James Waterhouse (1842–1922) was an English photographer and Indian Army officer who headed the Photographic Department of the Survey of India and pioneered the development of photomechanical printing.

==Early life==
James Waterhouse was born in London on 24 July 1842, the son of William Waterhouse, solicitor and his wife Mary. He was educated at King's College and University College schools, London, before applying at the age of 17 years for a cadetship in the Bengal Artillery of the army of the East India Company. From 1857-1859 he attended the Company's military seminary at Addiscombe, near Croydon, before sailing for India, where he arrived in October 1859.

==Photography in India==
Waterhouse may well have first learnt photography during his time at Addiscombe, where the subject had formed part of the curriculum since the mid-1850s and while stationed in Meerut in 1859 he acquired his first camera, 'a half-plate set made of the good old French walnut wood ... [which] ... stood the hot dry climate wonderfully well'. His first serious photographic expedition appears to have been made in 1861 in the company of a fellow officer, Boyce Edward Gowan, with whom he made the first recorded photographs of the ruined Buddhist stupa and monastery at Sanchi, near the holy Hindu city of Vidisha. In June 1861, an official circular issued under the authority of the Governor-General Lord Canning, was sent out encouraging military officers and others to collect photographs of ethnic and tribal types and in December 1861 Waterhouse was officially seconded to undertake a photographic tour of Central India (present-day Madhya Pradesh) for this purpose. This work occupied him for the whole of 1862 and involved a series of strenuous trips in Central India in search of suitable subjects: the best-known of this work is the series of portraits made of Sikandar Begum of Bhopal, her family and courtiers, taken in November of that year. A selection of these portraits was later included in John Forbes Watson and John William Kaye, The People of India (8 vols., India Museum, London, 1868–75), while views taken at Sanchi during the trip were used by the architectural historian James Fergusson in his Tree and Serpent Worship (India Museum, London, 1868).

==The Survey of India==
In May 1866 Waterhouse was appointed Assistant Surveyor in charge of the photozincographic operations of the Survey of India and after undergoing training at Dehradun in the use of photozincography for the reproduction of maps and plans, he arrived in Calcutta in December 1866 to take up his new post. The remaining thirty years of his career were to be spent in supervising the photographic operations of the Calcutta headquarters, overseeing a dramatic growth in the department's output and activities, from a minor and ill-housed offshoot of the Survey of India to one of its most important departments, housed in the impressive quarters which survive to the present day in Wood Street. As well as printing maps and plans, the Photolithographic Department of the Survey undertook a wide range of additional photographic activities under Waterhouse's direction, including the copying of the sketches made by Edward Law Durand in the course of his work with the Afghan Boundary Commission of 1884-87, the producing of presentation albums for the Viceroy relating to the Gilgit Mission of 1888 and the reproduction of photographs made by the Archaeological Survey of India.

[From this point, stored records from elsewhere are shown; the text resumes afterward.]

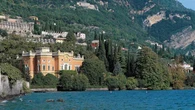 Tragedia a Gargnano: ciclista precipita nel lago di Garda e muore durante una gita con gli amici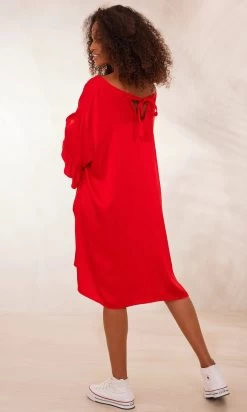 Petite Robe Levana Satin Rouge 12 Petite Robe Levana Satin Rouge -Robe Belle Soldes facetune 31 01 2024 14 12 54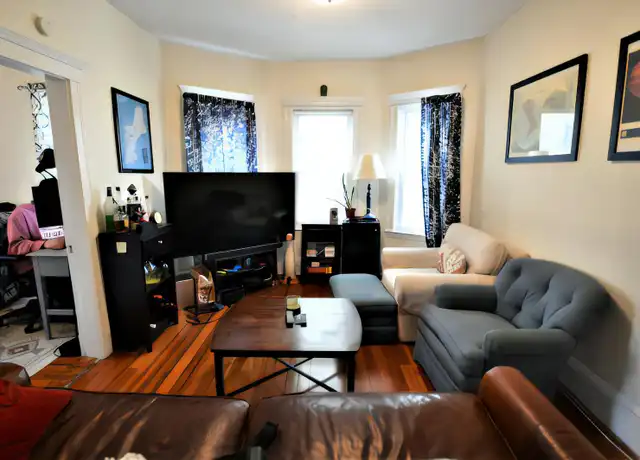 Property at 67 Washburn Ave #2, Cambridge, MA, 02140, 3 beds, 1 bath, [object Object]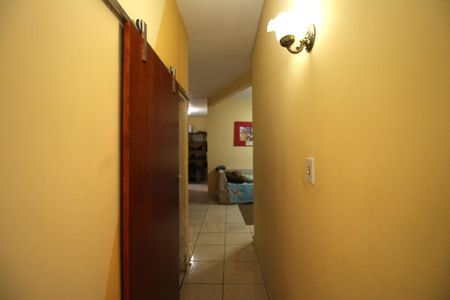 Casa à venda com 160m², 2 quartos e sem vagaCorredor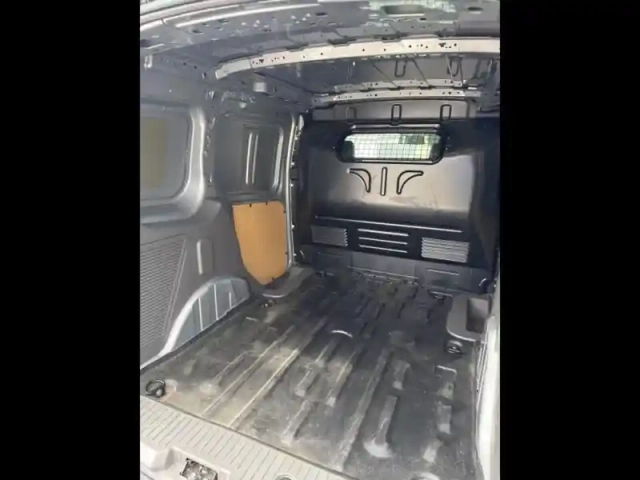 Ford Transit Connect l1 1.0e 100ch e85 trend - tva recuperable 16500 ? ht — photo 7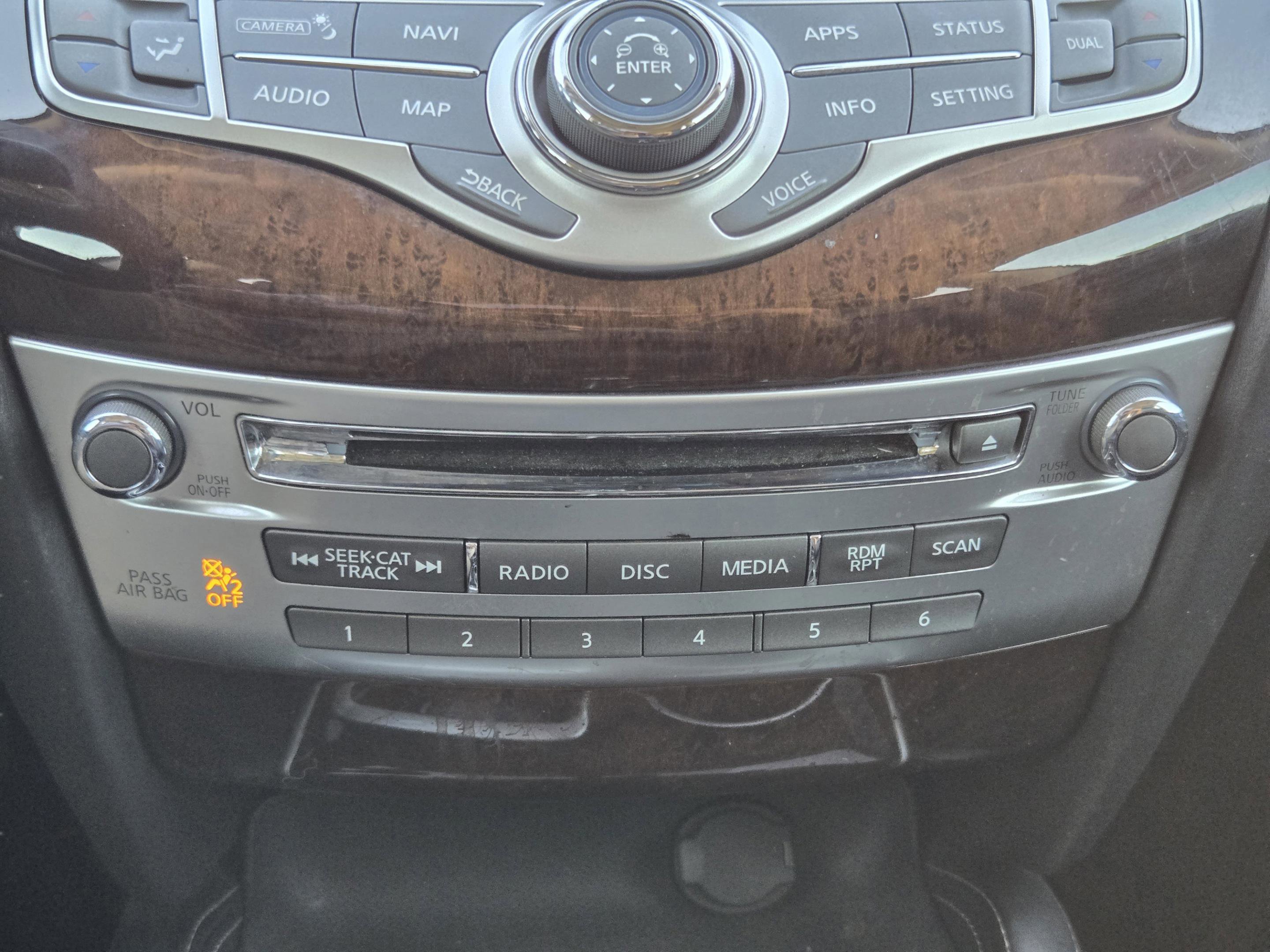 Used 2017 INFINITI QX60 FWD w/ Deluxe Technology Package image 16
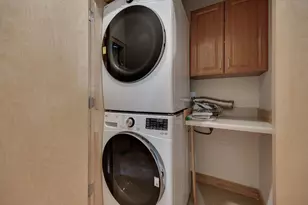 1037 Williamson St, Madison, WI 53703 - Photo 18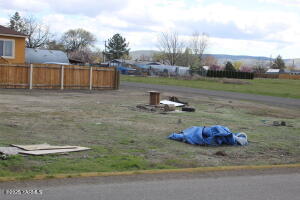 418 Rose St Property Photo 3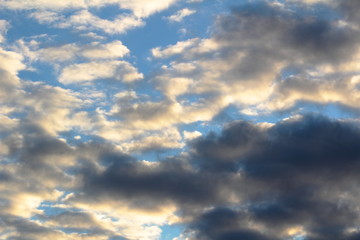 Naklejka na ściany i meble cloudy sky at dawn early autumn morning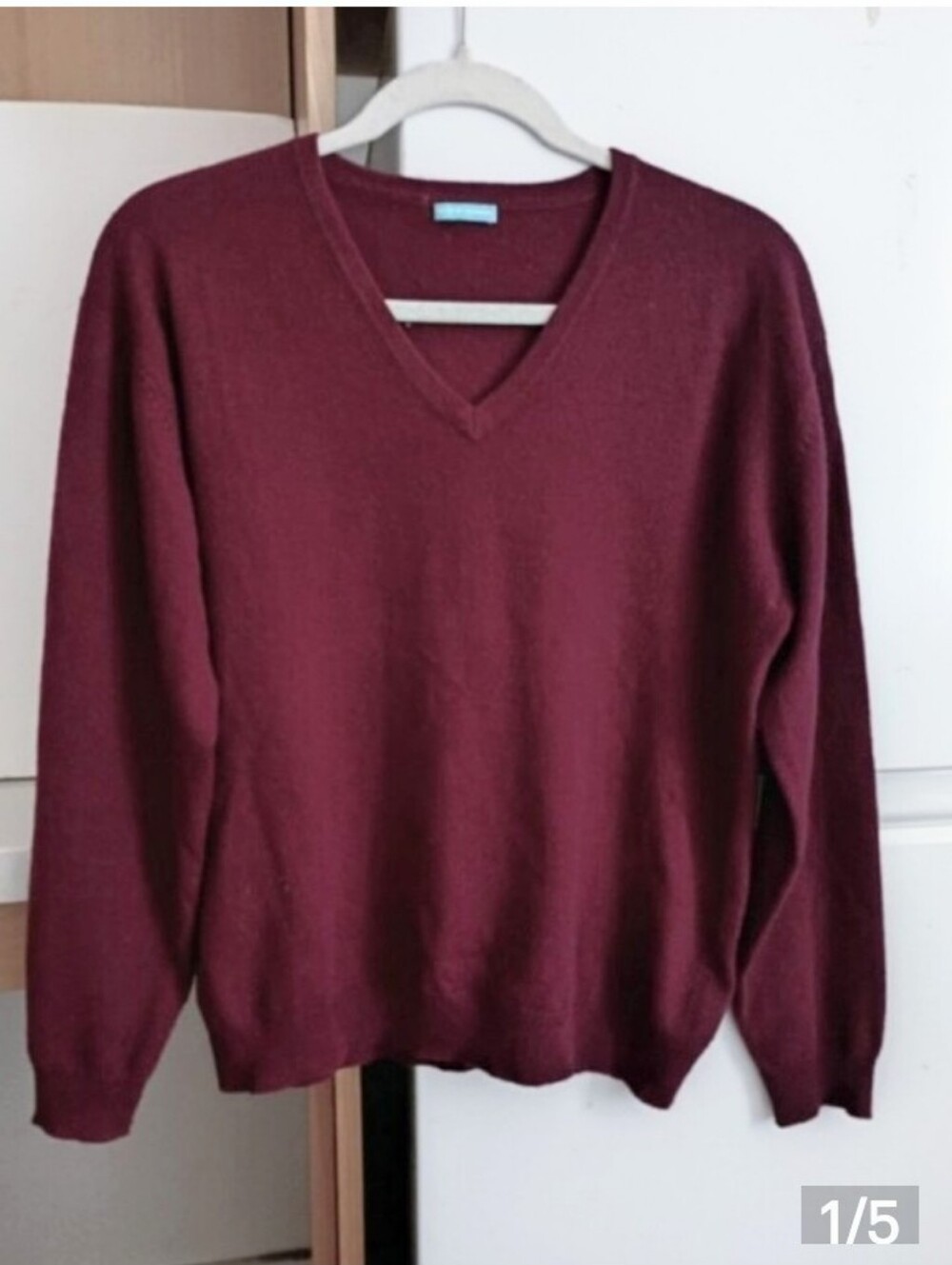 Cashmere By House Of Cashmere Dana V-Neck Sweater In Burgundy sz 40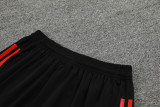 23-24 Man Utd Black Training Shorts Pants (红边）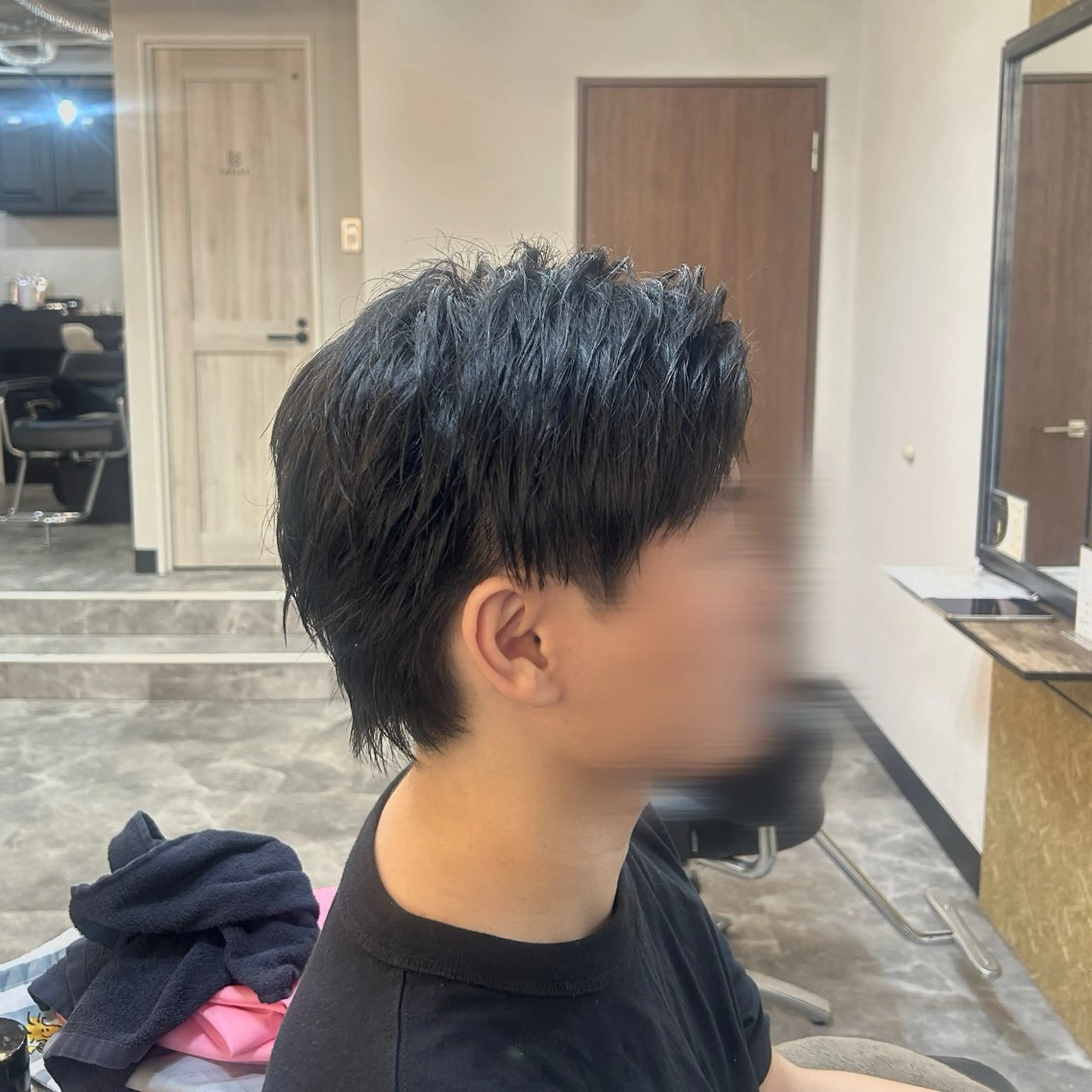 ミディアム メンズ メンズウルフカット ウルフカット カットカラーパーマ モデル🫧ﾐﾕｳ🫧の眉毛・アイブロウイメージ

==Later career and death==
He retired from the Photography Section of the Surveyor-General's Office in Calcutta in 1897 after 31 years, at the age of 55, moving to Hurstmead, Eltham. Kent. In his later career, Waterhouse was Honorary President of the Calcutta Zoological Gardens from 1894-1897, president of the Asiatic Society of Bengal from 1888-1890, and trustees and twice chairman of the Indian Museum in Calcutta. He was president of the Photographic Society of India and the Royal Photographic Society between 1905-1907. He was made an Honorary Fellow of the RPS in 1905 and was awarded its Progress Medal in 1891 for his researches and work in orthochromatic photography and photographic etching. and the Voigtländer Medal of the Vienna Photographic Society.
He died on 28 September 1922, aged 80 years.